A Est sono i giovani a volere l’Europa
Si può liquidare il desiderio di Europa presente nella parte centro orientale e nei Balcani con giudizi infondati: una spinta eterodiretta da Ovest o mirante solo ai fondi di Bruxelles, ma a smentire queste visioni ci sono esiti elettorali e referendum. Sono soprattutto i giovani ad affermare un sentimento europeista privo di nostalgie storiche assenti nelle loro biografie. È un sentimento che andrebbe compreso e ascoltato, possibile slancio e antidoto a chi a Ovest è invece stanco di Europa.
È legittima la contrarietà all’allargamento in un’epoca di crisi dell’Ue, di funzionamento e di ideali, ma è innegabile l’interesse genuino europeista in quelle terre segnate da recenti conflitti o in corso e in bilico tra un futuro di pace e un passato che non passa, anche per la presenza di movimenti e partiti che vogliono riportare la storia indietro (in questa pratica Putin è un campione ed ha i suoi emuli non solo ad oriente ma pure a occidente fra sovranisti e nazionalisti).
L’Ue deve ritrovare le sue ragioni fondative
In un mondo consegnato ai rapporti di forza militari ed economici, al tripolarismo degli imperi statunitense, cinese e russo con rispettive e ampie sfere di influenza, i singoli Stati europei da soli non hanno peso, in particolare nella gestione di fenomeni globali. L’Unione deve ritrovare le sue ragioni fondative in un tempo cambiato, in un mondo nel quale è considerata a ragione irrilevante. Serve una nuova rotta, «una promessa da riaccendere» come ha molto bene rilevato Mauro Magatti in un editoriale su «Avvenire».

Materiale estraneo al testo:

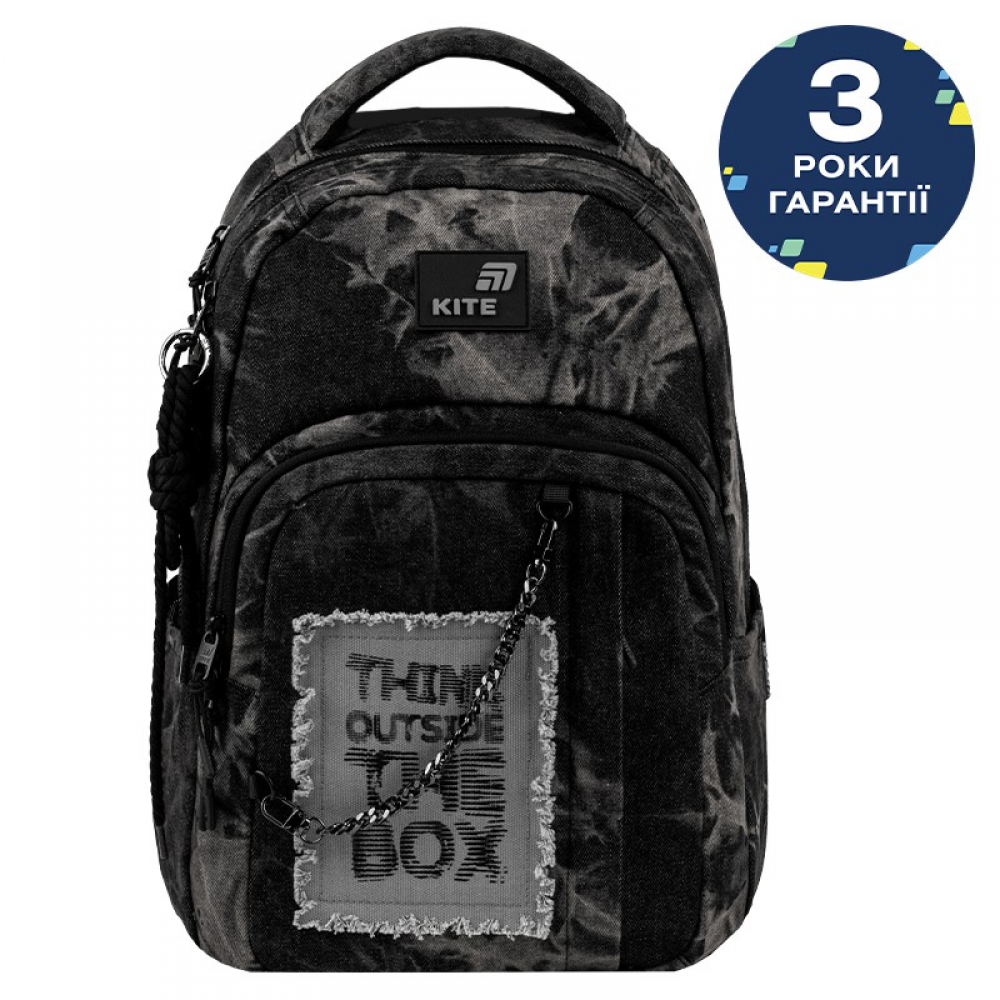 Рюкзак Kite Education teens Kite Education teens K26-2578M-2. Aнатомічна спинка Air Comfort, м'яка ущіл. ручка, 2 від., 2 передні, 2 бічні кишені, кишеня на спинці, внутр. роздільники, кишені для телеф. та планшета, органайзер, ключниця, нагр. ремінь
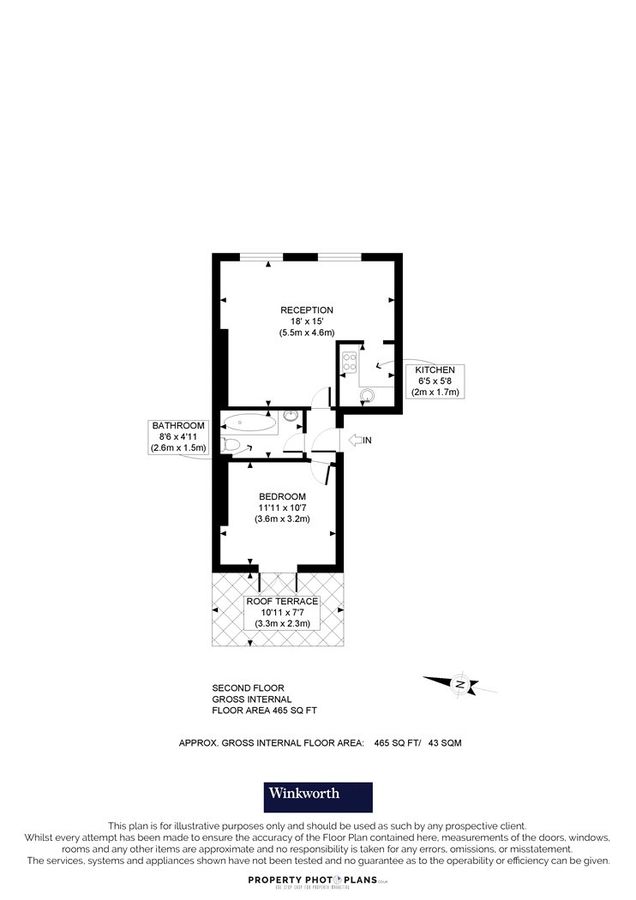 Квартира в Лондоне, Великобритания, 43 м² - фото 9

Abbiamo reagito alla crisi finanziaria del 2008 innescata negli Usa e alla tragedia della pandemia di Covid, ma senza produrre un nuovo orizzonte. Guai a ridurre il continente a fortezza che respinge migranti e non gestisce approdi necessari, che guarda con sospetto e altezzosità le richieste di adesione che arrivano da Est, a quelle giovani e fragili democrazie etichettate ingiustamente come iper nazionaliste, mentre sono animate dall’orgoglio di recenti indipendenze da irrobustire dentro la comunità del Vecchio continente.
«L’Europa - ha scritto ancora Magatti - non è un meccanismo di regolazione burocratica o di distribuzione di fondi, ma una promessa condivisa: quella di un’umanità capace di libertà, giustizia e solidarietà. Solo se saprà riaccendere questo spirito, l’Europa potrà tornare a contare nel mondo. Non per la sua potenza militare o per la sua forza economica, ma per la sua capacità di dare senso all’epoca che viviamo. Come ogni grande costruzione politica, l’Unione europea ha bisogno di un’anima». Sarebbe ora che la politica italiana uscisse dal suo provincialismo alzando lo sguardo, cogliendo le opportunità che ci sono dentro ogni crisi, anche quelle più gravi, per diventare protagonista del cambiamento nel continente.